START RECORDS TO USE
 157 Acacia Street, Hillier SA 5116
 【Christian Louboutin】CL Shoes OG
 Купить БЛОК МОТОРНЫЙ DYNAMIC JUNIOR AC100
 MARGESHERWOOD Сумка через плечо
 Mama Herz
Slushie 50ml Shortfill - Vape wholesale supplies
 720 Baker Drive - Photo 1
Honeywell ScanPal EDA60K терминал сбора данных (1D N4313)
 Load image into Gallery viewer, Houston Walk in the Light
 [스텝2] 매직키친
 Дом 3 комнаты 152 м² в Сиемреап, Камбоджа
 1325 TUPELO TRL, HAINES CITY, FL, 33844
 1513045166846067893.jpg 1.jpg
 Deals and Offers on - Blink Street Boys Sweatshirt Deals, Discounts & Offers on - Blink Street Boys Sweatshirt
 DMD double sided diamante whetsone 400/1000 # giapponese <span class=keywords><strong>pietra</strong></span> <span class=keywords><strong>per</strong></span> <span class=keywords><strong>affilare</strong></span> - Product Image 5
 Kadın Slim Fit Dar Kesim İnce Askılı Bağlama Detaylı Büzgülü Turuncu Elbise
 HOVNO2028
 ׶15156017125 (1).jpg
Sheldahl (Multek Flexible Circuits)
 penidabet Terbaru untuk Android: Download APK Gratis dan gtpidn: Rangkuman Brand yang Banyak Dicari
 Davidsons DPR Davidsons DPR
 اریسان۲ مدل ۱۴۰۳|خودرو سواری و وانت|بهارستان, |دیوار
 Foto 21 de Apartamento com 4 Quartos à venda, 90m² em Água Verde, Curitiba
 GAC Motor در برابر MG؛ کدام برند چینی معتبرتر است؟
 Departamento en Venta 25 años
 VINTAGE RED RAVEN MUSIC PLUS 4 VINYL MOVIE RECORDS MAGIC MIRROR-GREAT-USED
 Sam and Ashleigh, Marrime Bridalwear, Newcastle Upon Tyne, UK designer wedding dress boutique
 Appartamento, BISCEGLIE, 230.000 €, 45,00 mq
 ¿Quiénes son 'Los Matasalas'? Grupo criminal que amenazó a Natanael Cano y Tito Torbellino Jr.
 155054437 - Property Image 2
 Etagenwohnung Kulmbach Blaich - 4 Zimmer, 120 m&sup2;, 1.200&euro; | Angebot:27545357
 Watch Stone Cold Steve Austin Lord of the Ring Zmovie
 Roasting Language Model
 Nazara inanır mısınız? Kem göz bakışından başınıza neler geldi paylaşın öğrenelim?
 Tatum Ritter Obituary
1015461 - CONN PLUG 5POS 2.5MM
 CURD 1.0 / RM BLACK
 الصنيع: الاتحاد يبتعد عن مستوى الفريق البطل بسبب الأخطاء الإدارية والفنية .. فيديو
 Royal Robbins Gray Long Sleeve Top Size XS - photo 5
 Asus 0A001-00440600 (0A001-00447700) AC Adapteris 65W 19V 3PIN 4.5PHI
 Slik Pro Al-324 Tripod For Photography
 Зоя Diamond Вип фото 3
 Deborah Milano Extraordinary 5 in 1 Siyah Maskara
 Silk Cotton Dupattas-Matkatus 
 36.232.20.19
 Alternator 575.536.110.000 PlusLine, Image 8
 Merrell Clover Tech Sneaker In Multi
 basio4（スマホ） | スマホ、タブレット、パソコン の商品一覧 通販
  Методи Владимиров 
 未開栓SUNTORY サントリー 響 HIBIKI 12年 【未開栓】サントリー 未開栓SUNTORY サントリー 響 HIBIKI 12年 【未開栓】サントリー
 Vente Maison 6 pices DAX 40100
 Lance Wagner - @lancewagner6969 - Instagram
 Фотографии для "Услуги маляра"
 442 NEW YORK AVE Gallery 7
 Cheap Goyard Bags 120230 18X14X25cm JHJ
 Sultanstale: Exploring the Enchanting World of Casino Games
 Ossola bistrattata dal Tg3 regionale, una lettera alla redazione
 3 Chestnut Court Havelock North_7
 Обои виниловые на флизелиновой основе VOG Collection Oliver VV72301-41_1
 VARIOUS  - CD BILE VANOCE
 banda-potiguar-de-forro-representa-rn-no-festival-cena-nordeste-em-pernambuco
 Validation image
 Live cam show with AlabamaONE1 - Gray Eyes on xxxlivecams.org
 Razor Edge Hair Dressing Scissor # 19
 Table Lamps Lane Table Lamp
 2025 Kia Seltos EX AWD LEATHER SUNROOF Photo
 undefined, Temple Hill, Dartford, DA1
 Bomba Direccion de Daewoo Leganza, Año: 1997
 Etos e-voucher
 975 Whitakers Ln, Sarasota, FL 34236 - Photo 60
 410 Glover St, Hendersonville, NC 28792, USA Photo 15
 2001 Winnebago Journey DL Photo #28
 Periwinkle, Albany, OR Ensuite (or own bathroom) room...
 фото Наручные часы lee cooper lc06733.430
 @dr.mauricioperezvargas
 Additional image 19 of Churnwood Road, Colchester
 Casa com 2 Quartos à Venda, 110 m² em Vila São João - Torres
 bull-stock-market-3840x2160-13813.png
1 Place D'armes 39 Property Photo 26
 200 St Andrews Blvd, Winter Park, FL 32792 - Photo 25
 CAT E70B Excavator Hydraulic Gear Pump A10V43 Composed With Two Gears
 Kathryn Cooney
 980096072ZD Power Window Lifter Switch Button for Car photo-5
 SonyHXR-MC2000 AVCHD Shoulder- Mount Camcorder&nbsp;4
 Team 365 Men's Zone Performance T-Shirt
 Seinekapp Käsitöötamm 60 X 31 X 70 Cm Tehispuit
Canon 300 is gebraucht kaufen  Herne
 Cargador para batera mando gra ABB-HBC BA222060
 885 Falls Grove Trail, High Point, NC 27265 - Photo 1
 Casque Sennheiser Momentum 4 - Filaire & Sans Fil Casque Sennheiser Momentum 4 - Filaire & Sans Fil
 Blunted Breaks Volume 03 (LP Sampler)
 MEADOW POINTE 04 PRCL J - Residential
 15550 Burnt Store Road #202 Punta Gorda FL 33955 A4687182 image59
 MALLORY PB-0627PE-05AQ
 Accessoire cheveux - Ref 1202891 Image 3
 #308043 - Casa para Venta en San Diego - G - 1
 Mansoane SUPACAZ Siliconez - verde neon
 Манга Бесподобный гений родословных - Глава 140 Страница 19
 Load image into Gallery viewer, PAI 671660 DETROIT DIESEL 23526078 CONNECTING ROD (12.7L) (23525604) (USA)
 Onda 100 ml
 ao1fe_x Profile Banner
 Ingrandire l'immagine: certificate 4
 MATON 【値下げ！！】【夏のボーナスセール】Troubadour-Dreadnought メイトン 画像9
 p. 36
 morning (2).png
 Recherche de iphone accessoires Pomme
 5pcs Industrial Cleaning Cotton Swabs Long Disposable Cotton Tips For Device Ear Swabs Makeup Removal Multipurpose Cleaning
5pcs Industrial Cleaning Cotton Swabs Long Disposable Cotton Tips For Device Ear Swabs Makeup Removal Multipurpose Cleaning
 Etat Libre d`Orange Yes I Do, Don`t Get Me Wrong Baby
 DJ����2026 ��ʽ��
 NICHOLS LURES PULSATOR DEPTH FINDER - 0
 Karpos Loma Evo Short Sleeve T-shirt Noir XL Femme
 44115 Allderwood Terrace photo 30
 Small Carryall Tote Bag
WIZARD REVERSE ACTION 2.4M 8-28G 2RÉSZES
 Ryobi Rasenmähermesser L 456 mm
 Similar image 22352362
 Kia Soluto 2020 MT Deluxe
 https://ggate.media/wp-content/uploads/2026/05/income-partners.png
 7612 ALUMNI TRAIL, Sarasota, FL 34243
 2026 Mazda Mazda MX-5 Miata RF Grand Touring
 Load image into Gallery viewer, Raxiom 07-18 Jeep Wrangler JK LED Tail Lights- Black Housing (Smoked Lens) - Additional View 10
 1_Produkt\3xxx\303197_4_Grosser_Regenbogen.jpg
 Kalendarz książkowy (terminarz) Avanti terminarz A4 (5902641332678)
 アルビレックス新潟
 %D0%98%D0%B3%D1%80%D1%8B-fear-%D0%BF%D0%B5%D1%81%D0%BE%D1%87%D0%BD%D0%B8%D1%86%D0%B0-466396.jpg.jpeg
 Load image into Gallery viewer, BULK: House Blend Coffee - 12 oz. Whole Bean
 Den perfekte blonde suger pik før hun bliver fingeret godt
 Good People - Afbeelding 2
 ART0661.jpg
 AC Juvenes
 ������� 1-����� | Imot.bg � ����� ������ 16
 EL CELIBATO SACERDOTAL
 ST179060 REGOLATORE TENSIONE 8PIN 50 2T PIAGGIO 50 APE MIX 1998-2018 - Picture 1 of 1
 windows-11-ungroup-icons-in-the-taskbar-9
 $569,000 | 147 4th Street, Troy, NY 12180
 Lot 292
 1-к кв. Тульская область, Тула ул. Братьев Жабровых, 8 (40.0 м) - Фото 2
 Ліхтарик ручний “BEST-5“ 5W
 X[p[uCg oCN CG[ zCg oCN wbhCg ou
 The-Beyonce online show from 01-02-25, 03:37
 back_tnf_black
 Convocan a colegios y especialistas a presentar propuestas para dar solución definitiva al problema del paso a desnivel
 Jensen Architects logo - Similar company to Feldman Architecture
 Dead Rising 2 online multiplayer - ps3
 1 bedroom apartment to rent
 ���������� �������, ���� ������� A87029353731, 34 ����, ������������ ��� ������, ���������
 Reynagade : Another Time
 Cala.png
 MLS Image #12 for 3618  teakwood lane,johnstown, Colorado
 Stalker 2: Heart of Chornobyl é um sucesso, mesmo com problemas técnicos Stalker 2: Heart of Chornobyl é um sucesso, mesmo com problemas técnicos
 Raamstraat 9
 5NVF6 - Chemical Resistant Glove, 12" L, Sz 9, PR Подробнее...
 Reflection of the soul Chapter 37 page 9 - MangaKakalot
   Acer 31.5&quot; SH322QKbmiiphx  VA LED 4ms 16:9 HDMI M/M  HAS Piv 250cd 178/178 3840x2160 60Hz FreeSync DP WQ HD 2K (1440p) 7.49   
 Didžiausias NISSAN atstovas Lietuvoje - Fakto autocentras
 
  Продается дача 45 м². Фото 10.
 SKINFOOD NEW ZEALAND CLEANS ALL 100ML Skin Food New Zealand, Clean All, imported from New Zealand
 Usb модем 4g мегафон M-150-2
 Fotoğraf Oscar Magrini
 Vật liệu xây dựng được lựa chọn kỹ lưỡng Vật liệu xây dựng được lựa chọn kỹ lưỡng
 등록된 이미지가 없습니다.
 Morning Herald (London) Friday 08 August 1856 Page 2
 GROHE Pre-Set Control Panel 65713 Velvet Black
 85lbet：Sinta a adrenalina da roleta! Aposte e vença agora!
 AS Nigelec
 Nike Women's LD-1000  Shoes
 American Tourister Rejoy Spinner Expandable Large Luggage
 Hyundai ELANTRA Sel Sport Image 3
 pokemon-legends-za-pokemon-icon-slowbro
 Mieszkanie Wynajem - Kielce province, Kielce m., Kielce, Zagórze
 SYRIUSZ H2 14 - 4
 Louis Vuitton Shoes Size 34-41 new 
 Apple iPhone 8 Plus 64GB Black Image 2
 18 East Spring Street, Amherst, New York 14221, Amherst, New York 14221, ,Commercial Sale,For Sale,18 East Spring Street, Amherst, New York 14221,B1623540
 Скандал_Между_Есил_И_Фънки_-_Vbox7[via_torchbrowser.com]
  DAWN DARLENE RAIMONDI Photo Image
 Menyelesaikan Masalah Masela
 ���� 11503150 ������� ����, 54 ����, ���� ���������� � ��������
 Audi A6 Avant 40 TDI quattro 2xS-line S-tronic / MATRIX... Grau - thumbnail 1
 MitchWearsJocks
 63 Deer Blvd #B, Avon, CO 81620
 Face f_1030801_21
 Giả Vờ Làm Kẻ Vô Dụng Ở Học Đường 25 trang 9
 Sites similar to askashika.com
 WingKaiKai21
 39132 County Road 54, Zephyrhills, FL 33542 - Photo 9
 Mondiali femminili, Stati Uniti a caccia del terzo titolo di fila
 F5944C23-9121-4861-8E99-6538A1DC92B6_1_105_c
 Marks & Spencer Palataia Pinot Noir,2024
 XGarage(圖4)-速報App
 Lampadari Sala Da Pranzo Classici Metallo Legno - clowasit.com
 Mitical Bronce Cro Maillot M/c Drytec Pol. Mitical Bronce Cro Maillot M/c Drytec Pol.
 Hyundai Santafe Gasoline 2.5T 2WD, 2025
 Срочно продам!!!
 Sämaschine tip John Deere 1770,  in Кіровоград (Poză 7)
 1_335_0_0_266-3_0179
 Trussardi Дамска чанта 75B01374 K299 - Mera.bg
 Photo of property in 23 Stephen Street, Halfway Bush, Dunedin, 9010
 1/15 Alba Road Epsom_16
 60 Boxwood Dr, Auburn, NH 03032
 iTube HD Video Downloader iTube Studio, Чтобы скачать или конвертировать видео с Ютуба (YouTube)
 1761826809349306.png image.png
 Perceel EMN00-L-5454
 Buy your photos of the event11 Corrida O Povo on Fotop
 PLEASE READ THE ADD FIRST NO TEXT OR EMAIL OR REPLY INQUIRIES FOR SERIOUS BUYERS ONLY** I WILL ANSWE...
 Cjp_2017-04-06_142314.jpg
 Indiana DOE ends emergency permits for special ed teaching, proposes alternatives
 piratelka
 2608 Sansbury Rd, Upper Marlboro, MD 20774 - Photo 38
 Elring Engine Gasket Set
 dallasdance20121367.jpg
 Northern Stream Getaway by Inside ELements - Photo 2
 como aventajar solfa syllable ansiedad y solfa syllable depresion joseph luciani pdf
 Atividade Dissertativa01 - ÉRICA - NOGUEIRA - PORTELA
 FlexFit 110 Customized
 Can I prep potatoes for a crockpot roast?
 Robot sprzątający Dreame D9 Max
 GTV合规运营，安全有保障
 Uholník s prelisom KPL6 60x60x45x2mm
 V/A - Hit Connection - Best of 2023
END RECORDS TO USE
● **BRIEF**
Only one part of the material above is to be transcribed, namely the lines starting with the line that has "SYRIUSZ H2 14 - 4" and going on through the line that has "Giả Vờ Làm Kẻ Vô Dụng Ở Học Đường 25 trang 9", exactly as they stand.

● **EXPECTED ANSWER**
 SYRIUSZ H2 14 - 4
 Louis Vuitton Shoes Size 34-41 new 
 Apple iPhone 8 Plus 64GB Black Image 2
 18 East Spring Street, Amherst, New York 14221, Amherst, New York 14221, ,Commercial Sale,For Sale,18 East Spring Street, Amherst, New York 14221,B1623540
 Скандал_Между_Есил_И_Фънки_-_Vbox7[via_torchbrowser.com]
  DAWN DARLENE RAIMONDI Photo Image
 Menyelesaikan Masalah Masela
 ���� 11503150 ������� ����, 54 ����, ���� ���������� � ��������
 Audi A6 Avant 40 TDI quattro 2xS-line S-tronic / MATRIX... Grau - thumbnail 1
 MitchWearsJocks
 63 Deer Blvd #B, Avon, CO 81620
 Face f_1030801_21
 Giả Vờ Làm Kẻ Vô Dụng Ở Học Đường 25 trang 9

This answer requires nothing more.